In a painstakingly detailed investigation, the Bangor Daily News (BDN) has pulled back the curtain, exposing the LePage administration’s maneuvering to undermine the federally funded Temporary Assistance to Needy Families (TANF) program, “the federal government’s primary mechanism for delivering cash assistance and work support to low-income families with children.” The BDN found that the administration’s effort includes spending $7.8 million “in ways that run afoul of federal law.” It also revealed that LePage’s attempt to reinterpret TANF has come at the expense of needy families including nearly 16,000 Maine children.
The federal government appropriates more than $78 million annually for TANF in Maine. The BDN found that rather than spend a substantial portion of these funds as federal law intends, the Maine Department of Health and Human Services (DHHS) has “quietly” set aside $110 million in unspent TANF funds (more than the balance in the state’s “rainy day” fund) and proposed using some of this the money instead on programs for seniors and the disabled.
The BDN adds that the federal statute governing TANF expenditures “forbids states from taking a pool of funds earmarked for one population (low-income families with kids) and spending it on an entirely different demographic (elderly and disabled residents).”
More to the point, the BDN found that since DHHS implemented a LePage rule change to limit to five years the lifetime amount of time people (including children) could receive TANF benefits, the number of Maine TANF cases fell from 13,320 to 5,195. The number of Maine children receiving TANF benefits plummeted from more than 24,500 to 8,500. To put that in perspective the BDN noted:
Even as the economy has begun to recover, statewide poverty rates haven’t improved. Child poverty is still higher than it was before the recession, and extreme poverty among the state’s children — those living in families with incomes at half the federal poverty level — has grown.
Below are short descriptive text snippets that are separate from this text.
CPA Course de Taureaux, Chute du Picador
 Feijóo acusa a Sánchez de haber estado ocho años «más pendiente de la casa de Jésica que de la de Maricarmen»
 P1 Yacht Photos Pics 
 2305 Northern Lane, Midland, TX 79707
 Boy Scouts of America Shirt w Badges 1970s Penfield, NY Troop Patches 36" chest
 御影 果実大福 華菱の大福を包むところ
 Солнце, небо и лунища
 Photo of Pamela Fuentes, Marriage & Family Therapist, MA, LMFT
The newly released 2016 KIDS COUNT rankings on child well-being compiled by the Annie E. Casey Foundation show Maine slipping five places in one year — to 17th from 12th.
The LePage administration has repeatedly argued that its welfare reforms are aimed at “reprioritizing Maine’s welfare system to best serve our neediest elderly and disabled neighbors.” Rather than cutting programs that lift Maine families and children out of poverty, the governor would do better to support seniors and the disabled by revisiting his massive tax cuts that mostly benefit the wealthy.